Internal Revenue Code (I.R.C.) Section 280E prohibits the tax deduction of expenses by companies who traffic federally illegal drugs, including marijuana. Which means that cannabis businesses have to report all of their income but cannot deduct expenses such as rent or wages.
The Treasury of Inspector General for Tax Administration (TIGTA) performed an audit emphasizing on legal marijuana operations.
The new report, released to the public on March 30th, revealed a study that showed possible millions of dollars in unpaid taxes and forecasted over $200 million over a five year period.
TIGTA audited 90 random marijuana businesses in Washington and determined that 26 percent involved underreported income or non-filing tax returns for 2016.
Report Recommendations for the IRS
The TIGTA report recommends that the IRS:
- Develop a comprehensive compliance approach for marijuana businesses.
- Develop and publicize guidance specific to the marijuana industry.
- Leverage publicly available information at the State level and expand the use of existing Fed/State agreements to identify non-filers and unreported income in the marijuana industry.
- increase educational outreach towards unbanked taxpayers making cash deposits regarding the unbanked relief policies available.
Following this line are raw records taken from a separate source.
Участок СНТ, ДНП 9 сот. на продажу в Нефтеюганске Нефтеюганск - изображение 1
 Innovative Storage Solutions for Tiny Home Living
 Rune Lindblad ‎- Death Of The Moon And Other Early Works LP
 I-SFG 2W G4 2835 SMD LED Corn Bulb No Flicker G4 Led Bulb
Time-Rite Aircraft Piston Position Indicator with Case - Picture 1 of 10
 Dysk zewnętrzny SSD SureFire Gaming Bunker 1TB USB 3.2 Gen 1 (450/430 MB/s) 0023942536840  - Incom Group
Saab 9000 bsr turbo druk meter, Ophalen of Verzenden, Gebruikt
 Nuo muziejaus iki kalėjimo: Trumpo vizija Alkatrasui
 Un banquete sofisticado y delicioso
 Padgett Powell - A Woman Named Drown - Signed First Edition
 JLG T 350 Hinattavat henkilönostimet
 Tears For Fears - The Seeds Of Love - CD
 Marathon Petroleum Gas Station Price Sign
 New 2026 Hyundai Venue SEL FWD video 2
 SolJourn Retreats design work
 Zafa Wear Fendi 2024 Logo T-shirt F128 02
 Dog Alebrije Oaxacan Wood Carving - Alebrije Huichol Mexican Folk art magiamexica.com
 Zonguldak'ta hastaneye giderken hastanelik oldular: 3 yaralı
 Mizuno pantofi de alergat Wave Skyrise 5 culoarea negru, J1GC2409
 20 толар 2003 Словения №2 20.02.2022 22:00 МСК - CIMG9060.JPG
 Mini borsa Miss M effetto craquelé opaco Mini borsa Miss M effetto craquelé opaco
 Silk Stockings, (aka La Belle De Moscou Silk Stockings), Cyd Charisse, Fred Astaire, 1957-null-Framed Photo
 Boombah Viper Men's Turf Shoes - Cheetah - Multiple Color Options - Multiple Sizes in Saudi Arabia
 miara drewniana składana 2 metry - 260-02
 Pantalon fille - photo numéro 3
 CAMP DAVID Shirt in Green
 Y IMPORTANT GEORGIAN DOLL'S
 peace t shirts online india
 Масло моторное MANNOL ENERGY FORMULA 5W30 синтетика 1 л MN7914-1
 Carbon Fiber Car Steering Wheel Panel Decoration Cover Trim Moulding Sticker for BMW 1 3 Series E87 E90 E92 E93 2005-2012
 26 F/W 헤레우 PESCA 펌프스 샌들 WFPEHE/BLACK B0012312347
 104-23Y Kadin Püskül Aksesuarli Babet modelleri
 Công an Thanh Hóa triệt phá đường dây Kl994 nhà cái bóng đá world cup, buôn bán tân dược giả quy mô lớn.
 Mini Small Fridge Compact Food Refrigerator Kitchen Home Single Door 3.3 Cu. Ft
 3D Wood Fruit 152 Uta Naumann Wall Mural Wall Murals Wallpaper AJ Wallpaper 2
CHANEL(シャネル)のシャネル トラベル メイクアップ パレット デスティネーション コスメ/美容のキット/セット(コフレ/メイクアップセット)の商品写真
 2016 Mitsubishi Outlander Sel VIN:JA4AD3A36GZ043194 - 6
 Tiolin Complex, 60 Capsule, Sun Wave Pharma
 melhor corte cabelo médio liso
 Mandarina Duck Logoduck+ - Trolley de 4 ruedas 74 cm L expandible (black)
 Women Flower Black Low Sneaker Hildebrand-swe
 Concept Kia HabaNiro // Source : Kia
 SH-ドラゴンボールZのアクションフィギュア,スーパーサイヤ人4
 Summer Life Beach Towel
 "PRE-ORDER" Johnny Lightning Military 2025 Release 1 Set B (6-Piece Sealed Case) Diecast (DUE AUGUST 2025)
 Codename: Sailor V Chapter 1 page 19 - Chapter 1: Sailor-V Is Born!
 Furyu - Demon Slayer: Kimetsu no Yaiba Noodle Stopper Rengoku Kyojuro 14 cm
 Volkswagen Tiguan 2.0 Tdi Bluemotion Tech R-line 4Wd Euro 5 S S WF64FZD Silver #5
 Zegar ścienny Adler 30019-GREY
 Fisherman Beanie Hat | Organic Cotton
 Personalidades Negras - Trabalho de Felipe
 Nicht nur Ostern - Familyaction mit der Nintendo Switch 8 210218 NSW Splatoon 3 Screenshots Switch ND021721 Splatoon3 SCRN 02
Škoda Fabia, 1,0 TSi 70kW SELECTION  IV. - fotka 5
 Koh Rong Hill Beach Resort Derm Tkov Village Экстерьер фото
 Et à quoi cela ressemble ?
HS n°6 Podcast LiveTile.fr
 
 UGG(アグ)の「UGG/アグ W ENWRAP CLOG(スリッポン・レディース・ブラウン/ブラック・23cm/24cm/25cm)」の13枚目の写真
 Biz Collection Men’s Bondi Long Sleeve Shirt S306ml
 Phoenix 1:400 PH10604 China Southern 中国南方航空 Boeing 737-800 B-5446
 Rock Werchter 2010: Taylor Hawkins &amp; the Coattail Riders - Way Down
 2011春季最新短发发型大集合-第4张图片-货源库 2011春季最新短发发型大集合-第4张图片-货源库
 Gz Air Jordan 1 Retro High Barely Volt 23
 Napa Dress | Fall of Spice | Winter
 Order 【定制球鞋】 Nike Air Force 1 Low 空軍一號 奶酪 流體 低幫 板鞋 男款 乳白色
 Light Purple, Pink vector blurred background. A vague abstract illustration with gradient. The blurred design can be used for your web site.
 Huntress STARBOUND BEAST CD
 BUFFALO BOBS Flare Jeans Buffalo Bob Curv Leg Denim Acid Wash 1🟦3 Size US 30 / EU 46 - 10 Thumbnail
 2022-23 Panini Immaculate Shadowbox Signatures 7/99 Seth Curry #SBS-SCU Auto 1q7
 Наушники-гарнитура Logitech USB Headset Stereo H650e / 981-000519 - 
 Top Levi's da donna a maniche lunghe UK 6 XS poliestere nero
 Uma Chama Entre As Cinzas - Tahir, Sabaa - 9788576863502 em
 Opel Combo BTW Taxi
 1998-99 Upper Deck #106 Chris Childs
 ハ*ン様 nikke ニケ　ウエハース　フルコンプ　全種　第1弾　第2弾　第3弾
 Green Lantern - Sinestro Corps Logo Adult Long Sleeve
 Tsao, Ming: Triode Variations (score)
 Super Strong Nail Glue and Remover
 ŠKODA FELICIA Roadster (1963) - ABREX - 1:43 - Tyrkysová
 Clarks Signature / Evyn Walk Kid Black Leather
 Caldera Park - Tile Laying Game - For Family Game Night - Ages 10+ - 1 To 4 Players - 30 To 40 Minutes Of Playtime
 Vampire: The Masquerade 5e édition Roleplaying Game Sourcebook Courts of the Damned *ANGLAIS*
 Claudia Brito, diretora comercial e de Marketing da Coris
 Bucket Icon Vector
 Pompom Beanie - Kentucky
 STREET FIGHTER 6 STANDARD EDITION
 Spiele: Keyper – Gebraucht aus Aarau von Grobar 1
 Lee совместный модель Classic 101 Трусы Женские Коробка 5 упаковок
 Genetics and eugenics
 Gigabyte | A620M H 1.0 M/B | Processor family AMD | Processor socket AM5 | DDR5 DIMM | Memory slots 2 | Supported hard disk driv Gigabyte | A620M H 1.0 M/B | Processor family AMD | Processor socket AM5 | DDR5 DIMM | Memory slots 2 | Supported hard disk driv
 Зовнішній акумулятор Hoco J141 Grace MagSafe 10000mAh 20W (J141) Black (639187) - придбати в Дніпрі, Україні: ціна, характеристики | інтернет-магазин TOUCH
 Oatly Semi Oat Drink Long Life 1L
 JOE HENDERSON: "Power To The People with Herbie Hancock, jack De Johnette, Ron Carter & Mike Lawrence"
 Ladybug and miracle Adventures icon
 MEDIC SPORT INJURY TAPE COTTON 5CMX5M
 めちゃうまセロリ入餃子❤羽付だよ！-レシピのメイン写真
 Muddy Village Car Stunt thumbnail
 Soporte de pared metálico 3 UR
The IRS responded that “whether it pursues taxpayers in the marijuana industry depends on priorities and available resources.”
With all of the confusion regarding taxes, specifically the enforcement of I.R.C. 280E, it’s not surprising that the IRS is likely to perform a wave of audits for legal cannabis businesses.
There Might be Possibility for Exemption
This is where I.R.C. Section 471(c) comes in – an exemption for certain small businesses with less that $25 million in gross receipts.
This section of the Internal Revenue Code is particularly interesting to cannabis businesses because it would not subject them to the impacts of I.R.C. Section 280E.
While it is unclear what will happen in the immediate future, it is probably smart for legal cannabis businesses to brace themselves for a wave of possible tax audits.
Some things that marijuana businesses can do to prepare for this is to always document everything from expenses to wages, to costs of goods sold and consult with legal tax experts.